● What to produce: Please output exactly the lines below, starting at the line that has "Gebruikte Koppeling Hulp" and ending at the line that has "115 Blue Willow Dr, Houston, TX 77042", both included; leave out all pictures and include nothing else.

● Supplied data:
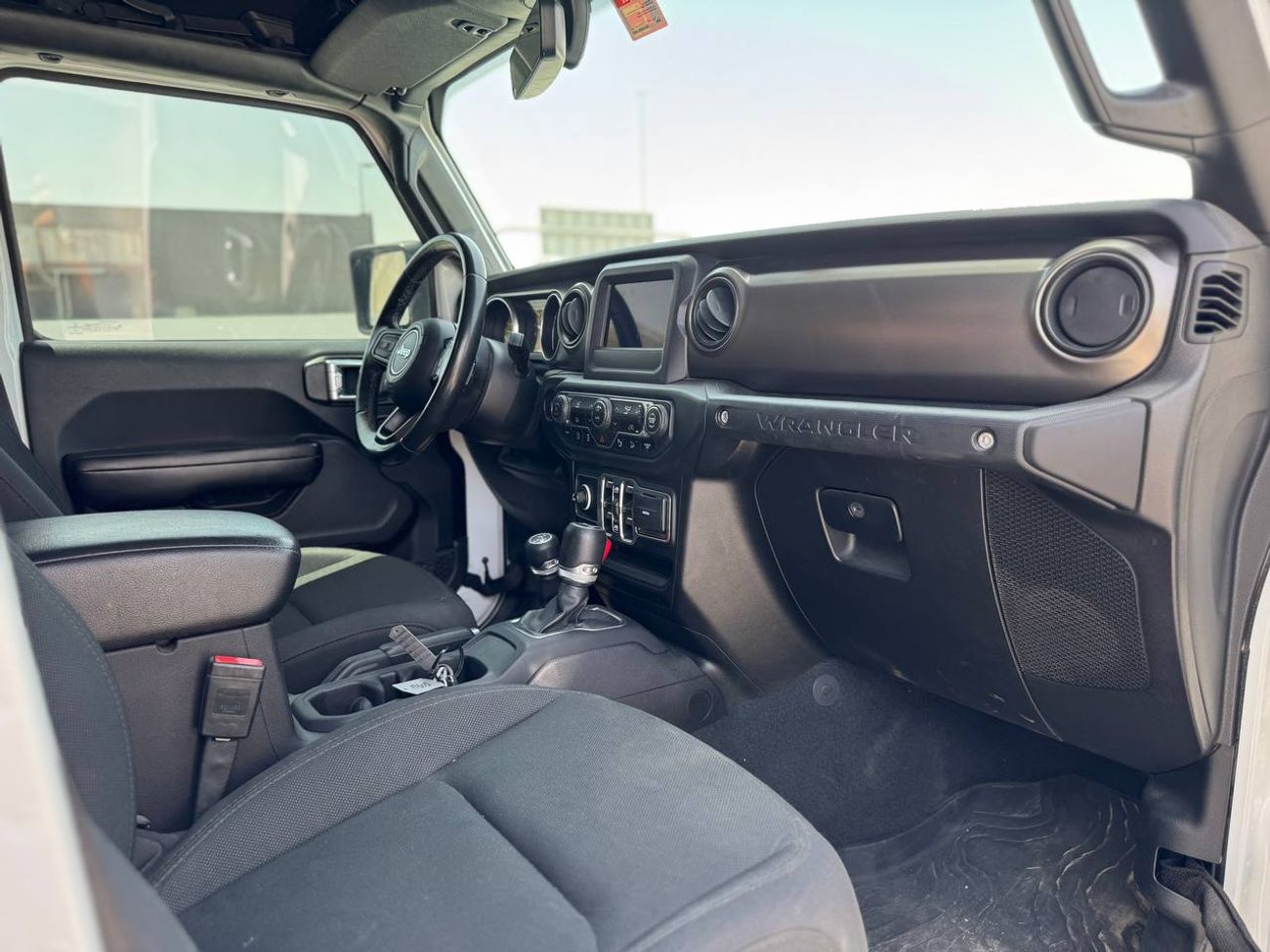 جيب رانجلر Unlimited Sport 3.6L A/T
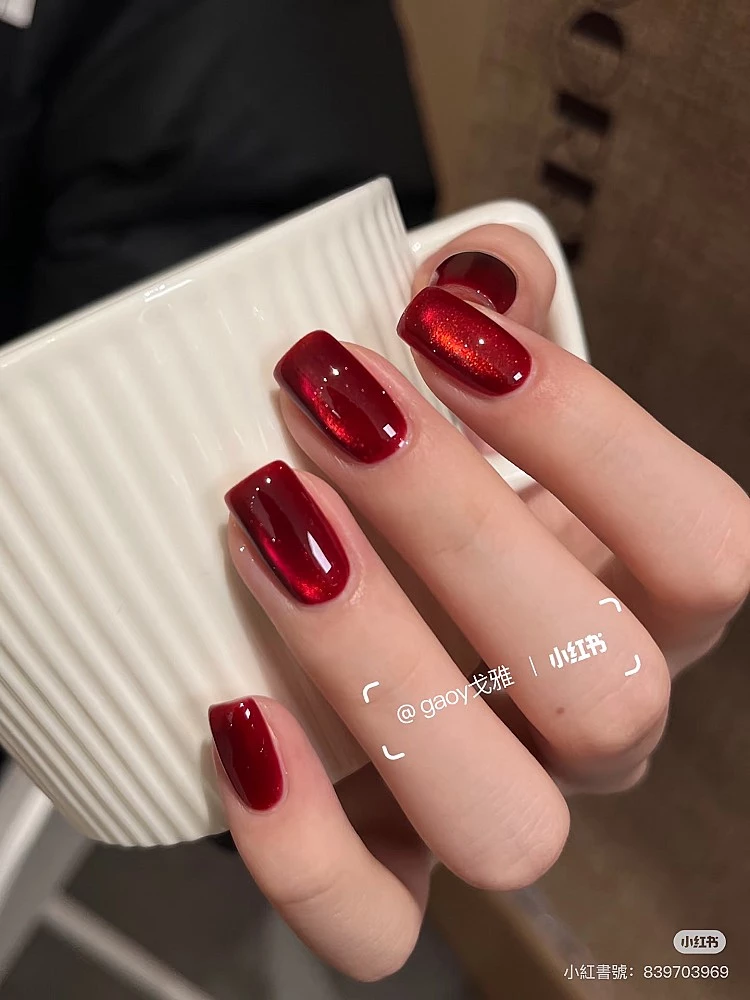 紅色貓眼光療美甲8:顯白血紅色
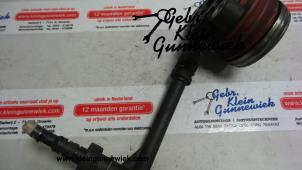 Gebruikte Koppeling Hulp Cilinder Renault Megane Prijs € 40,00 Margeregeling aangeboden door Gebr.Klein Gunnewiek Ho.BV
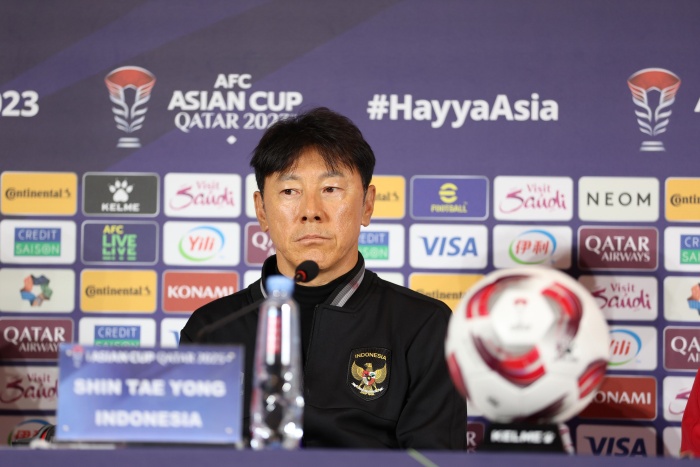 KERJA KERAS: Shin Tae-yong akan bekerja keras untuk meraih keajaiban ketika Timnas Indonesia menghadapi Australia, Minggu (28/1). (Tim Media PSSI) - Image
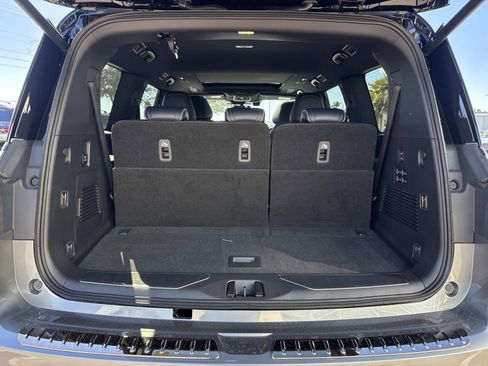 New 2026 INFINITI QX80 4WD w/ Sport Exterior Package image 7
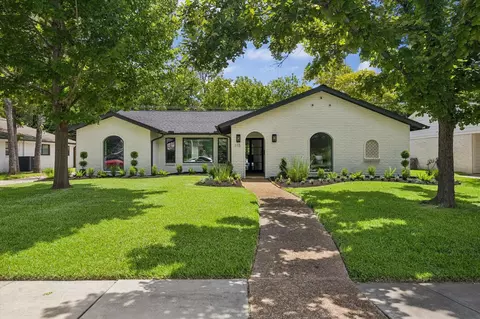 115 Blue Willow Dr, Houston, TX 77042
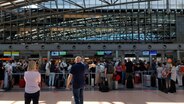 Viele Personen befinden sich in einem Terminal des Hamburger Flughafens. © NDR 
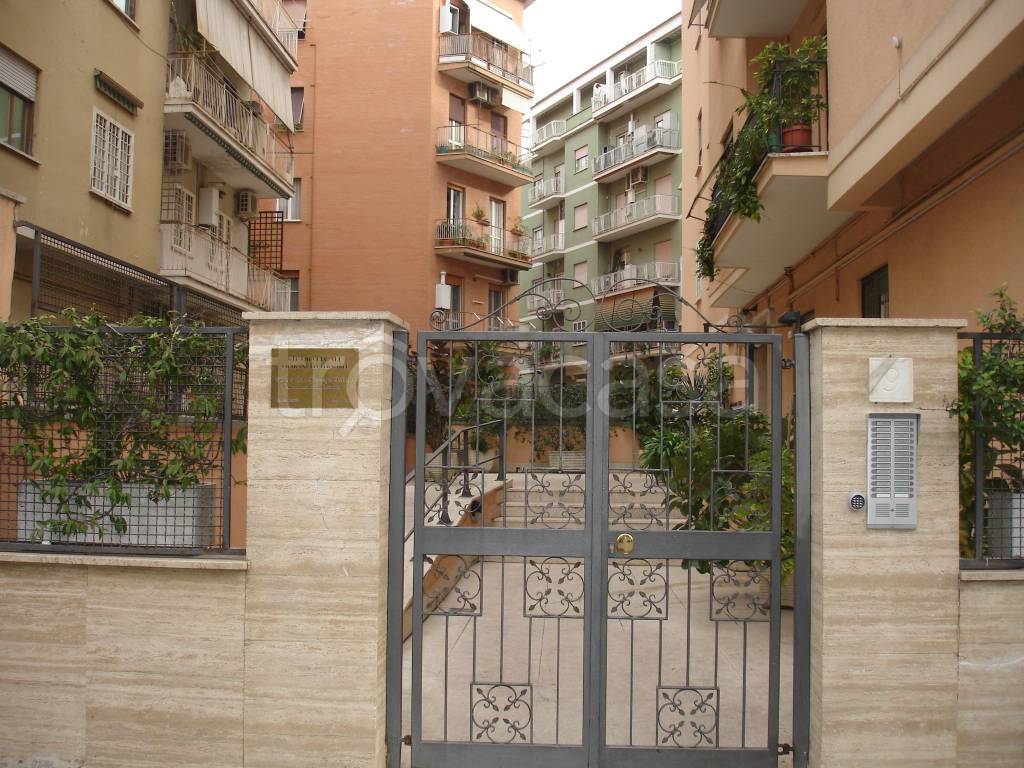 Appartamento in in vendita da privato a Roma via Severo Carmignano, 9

● Expected answer:
 Gebruikte Koppeling Hulp Cilinder Renault Megane Prijs € 40,00 Margeregeling aangeboden door Gebr.Klein Gunnewiek Ho.BV
 KERJA KERAS: Shin Tae-yong akan bekerja keras untuk meraih keajaiban ketika Timnas Indonesia menghadapi Australia, Minggu (28/1). (Tim Media PSSI) - Image
 New 2026 INFINITI QX80 4WD w/ Sport Exterior Package image 7
 115 Blue Willow Dr, Houston, TX 77042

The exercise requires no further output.